EXTRACTED MATERIAL -

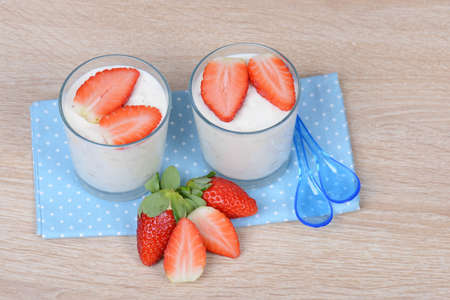 Yogurt with fresh strawberriesの写真素材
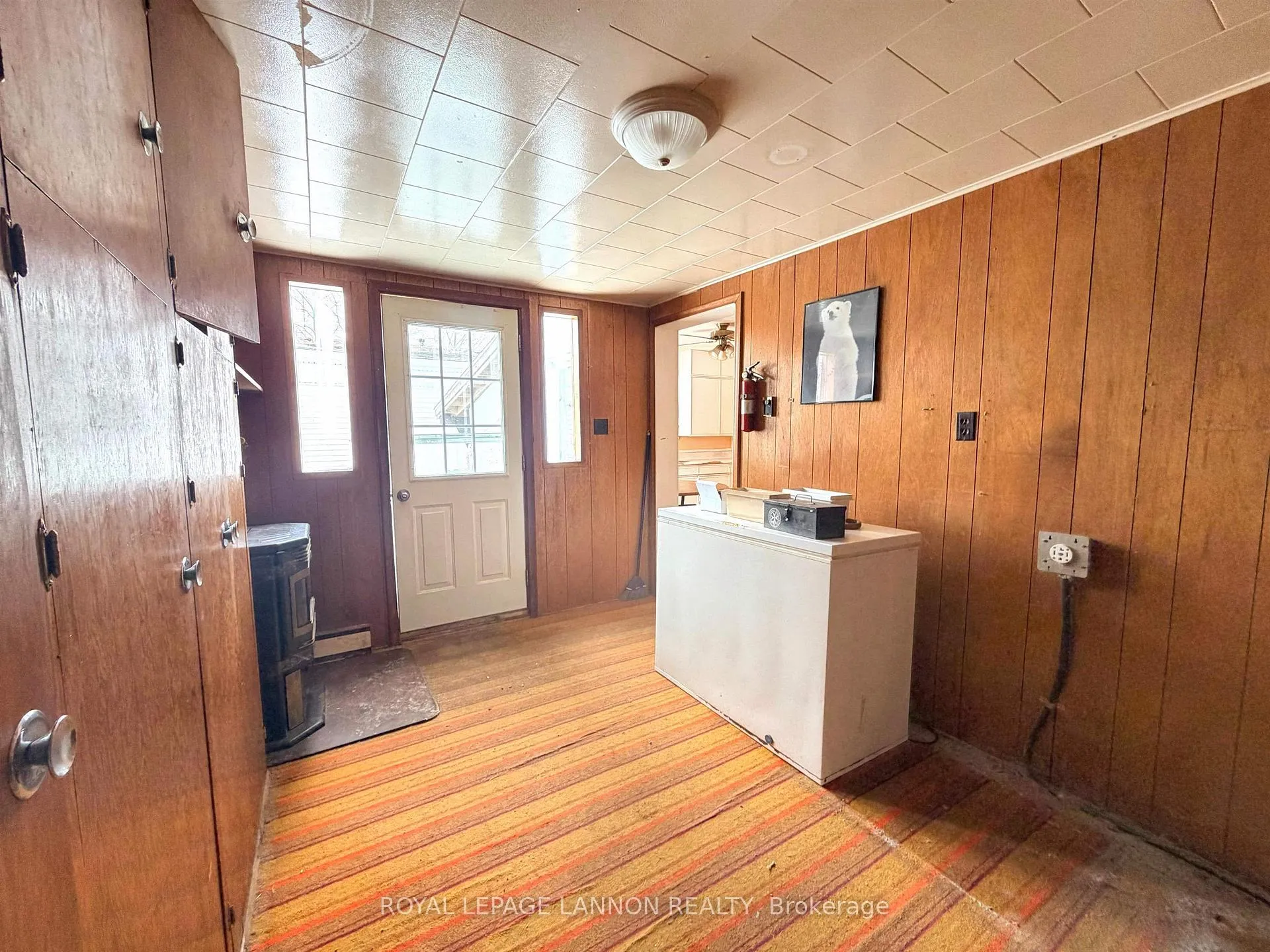 Photo 10 of 206 Third Avenue SW, Greenstone — HOMEH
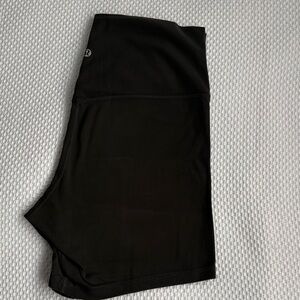 Lululemon Align High-Rise Short 6" size 10, 
Graphite Grey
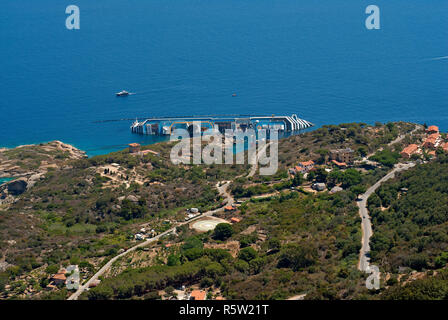 Costa dell'Isola del Giglio con relitto Costa Concordia, Grosseto, Toscana, Italia Foto Stock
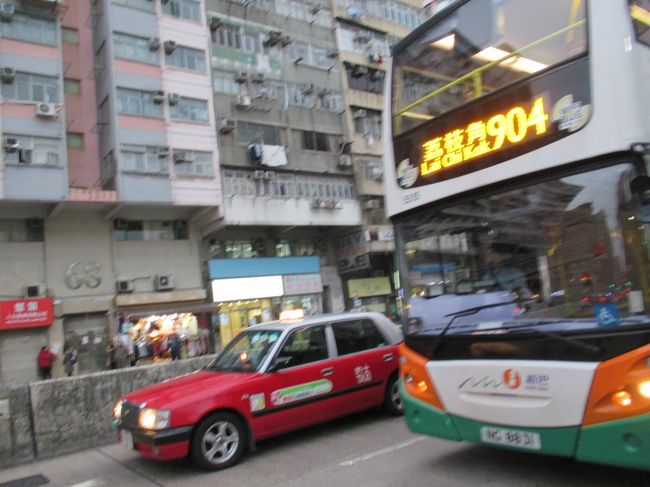 ９０４のバスで深水ポーをめざします。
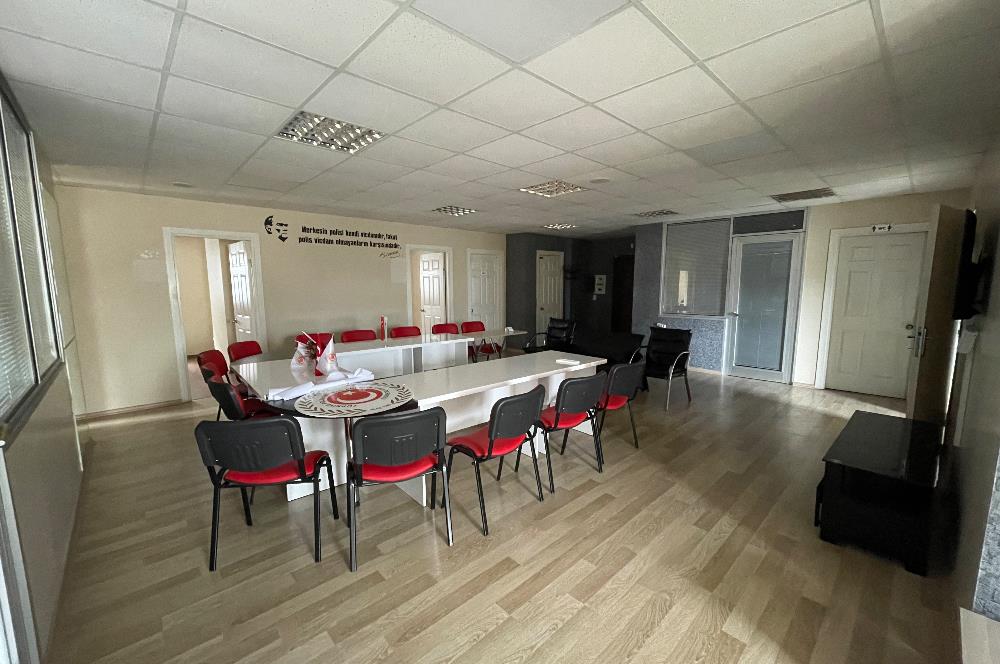 BAĞDAT CADDESİ’NDE 230 m2 NET PLAZA KATI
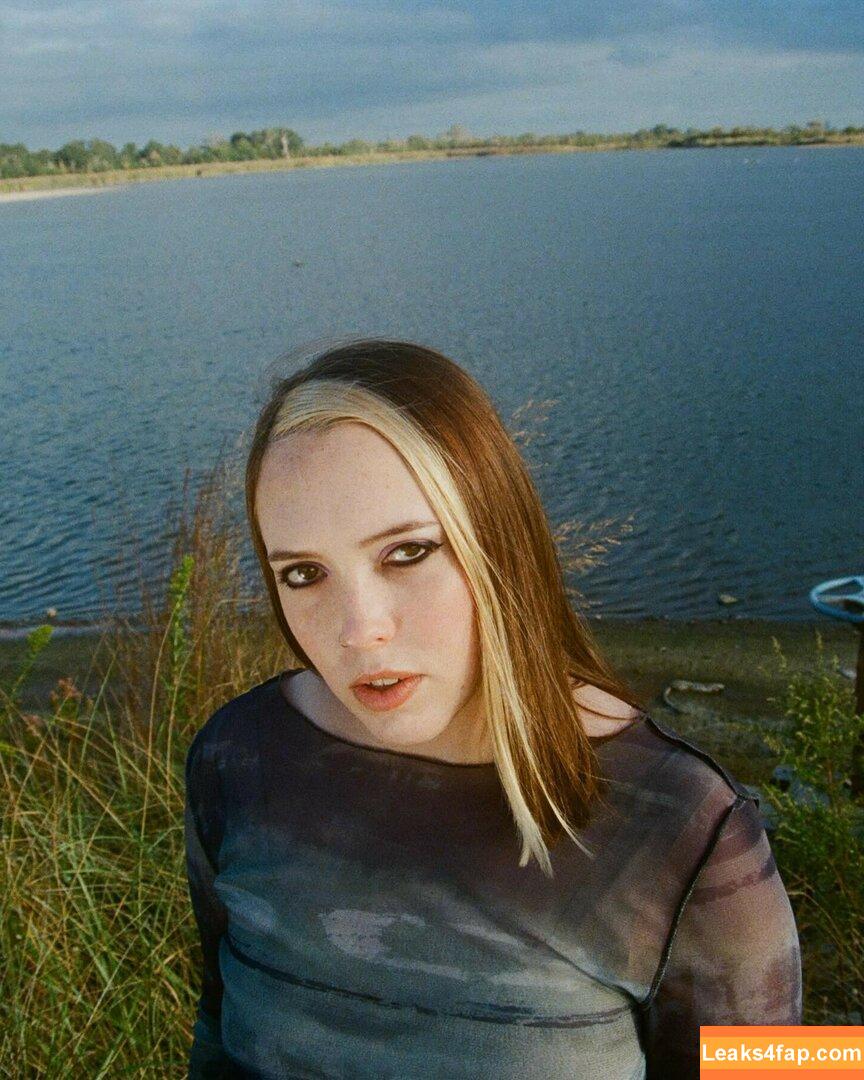 Sophia Allison / Soccer Mommy / soccermommyband leaked photo photo #0003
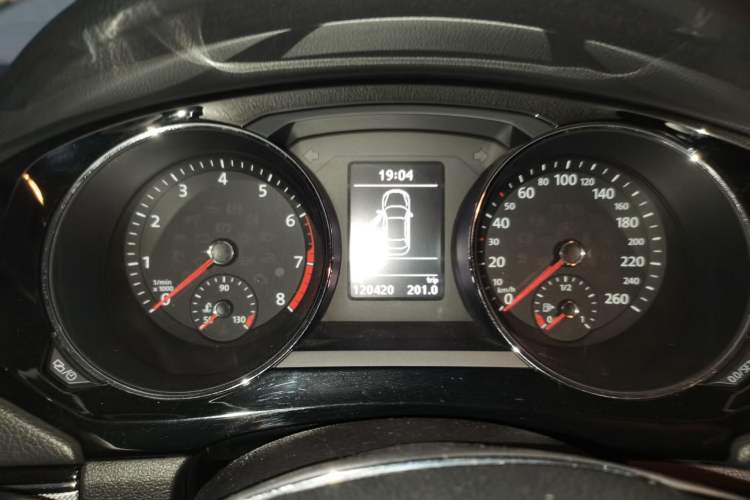 Used Volkswagen Sagitar 2018 280TSI DSG Comfort Model Instrument Cluster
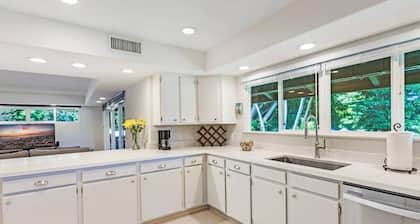 Private 4bd Home, Walk to Beach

WHAT IS BEING ASKED - I'd like the material above repeated exactly, with the pictures omitted.

WRITTEN SOLUTION -
 Yogurt with fresh strawberriesの写真素材
 Photo 10 of 206 Third Avenue SW, Greenstone — HOMEH
 Lululemon Align High-Rise Short 6" size 10, 
Graphite Grey
 Costa dell'Isola del Giglio con relitto Costa Concordia, Grosseto, Toscana, Italia Foto Stock
 ９０４のバスで深水ポーをめざします。
 BAĞDAT CADDESİ’NDE 230 m2 NET PLAZA KATI
 Sophia Allison / Soccer Mommy / soccermommyband leaked photo photo #0003
 Used Volkswagen Sagitar 2018 280TSI DSG Comfort Model Instrument Cluster
 Private 4bd Home, Walk to Beach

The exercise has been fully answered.